This is more flexible, but it's generally still a good idea to keep things organised. This folder might look like this:

```text
pallasite-parent-body-evolution/    The project git repository
├── LICENSE
├── README.md
├── environment.yml                 The libraries I need for analysis (including the package from our package repository)
├── data                            I usually load in large data from storage elsewhere
│   ├── interim                     But sometimes do keep small summary datafiles in the repository
│   ├── processed
│   └── raw
├── docs                            Notes on analysis, process etc.
├── notebooks                       Jupyter notebooks used for analysis
├── reports                         For a manuscript source, e.g., LaTeX, Markdown, etc., or any project reports
│   └── figures                     Figures for the manuscript or reports
├── src                             Source code for this project
│   ├── data                        Scripts and programs to process data
│   ├── tools                       Any helper scripts go here
│   └── visualization               Scripts for visualisation of your results, e.g., matplotlib, ggplot2 related.
└── tests                           Test code for this project, benchmarking, comparison to analytical models
```

:::

### 2. Creating a research environment

::: {.panel-tabset group="workflow"}
## Single directory project

We have already done this back in [Step 3](#create-a-development-environment).

## Dual directory project

You have a few options:

### Just keep using your development environment from Step 3

As you have installed your package, you can continue to use your development environment from [Step 3](#create-a-development-environment) across your system, in other folders.

### Create a new environment and hardlink local package

Take the development environment you created in [Step 3](#create-a-development-environment), and copy it into the analysis folder, and replace the following lines:

```yaml
  # keep this to install your Python package locally
  - pip
  - pip:
    - --editable .
```

with:

```yaml
  # keep this to install your Python package locally
  - pip
  - pip:
    - --editable /absolute/path/to/package-repo
```

This is still not easily reusable, but at least it's now more obvious what environment you're using, and you can still easily make changes to the package as you work.
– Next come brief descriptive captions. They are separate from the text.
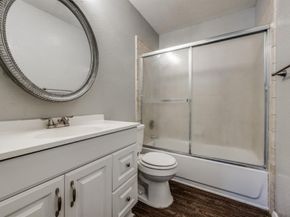629  Park Lane , Denton Texas 76205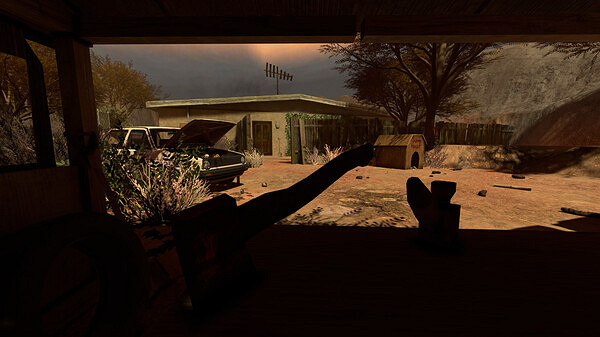 《喋血街頭2：Redux》PC配置要求很親民：推薦GTX970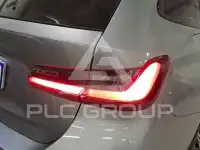 2024 BMW 330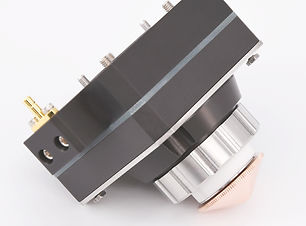 Raytools BT240S 传感器头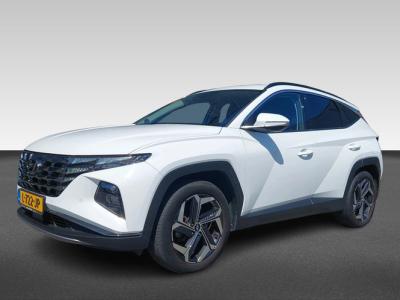 Financial Lease Hyundai Tucson 1.6 T-GDI PHEV Comfort 4WD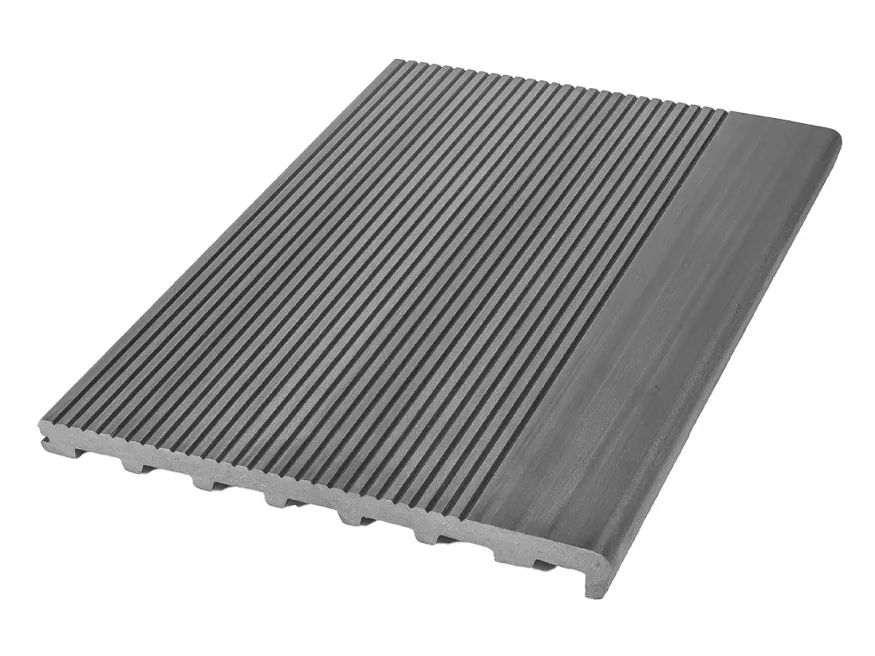 Ступень Deckart, Optimum, Серый купить в Анапе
### Install your package via GitHub

Take the development environment you created in [Step 3](#create-a-development-environment), and copy it into the analysis folder, and replace the following lines:

```yaml
  # keep this to install your Python package locally
  - pip
  - pip:
    - --editable .
```

with:

```yaml
  # keep this to install your Python package locally
  - pip
  - pip:
    - <PACKAGE_NAME>@git+https://github.com/<USER_NAME>/<REPO_NAME>
```

Replacing the variables `<In angled brackets>` with the appropriate values.

This can be a bit tricky when you're in the early stages of the project and need to frequently update your core code package (as you'll need to push the package changes to GitHub and then update your environment file every time); I often leave this until my package code is fairly stable. You'll definitely want to do this before releasing your code.

:::

### 3. Do your research!

#### Reloading libraries

When working with an editable install, you may need to force reload the module after changing it to ensure the changes carry through.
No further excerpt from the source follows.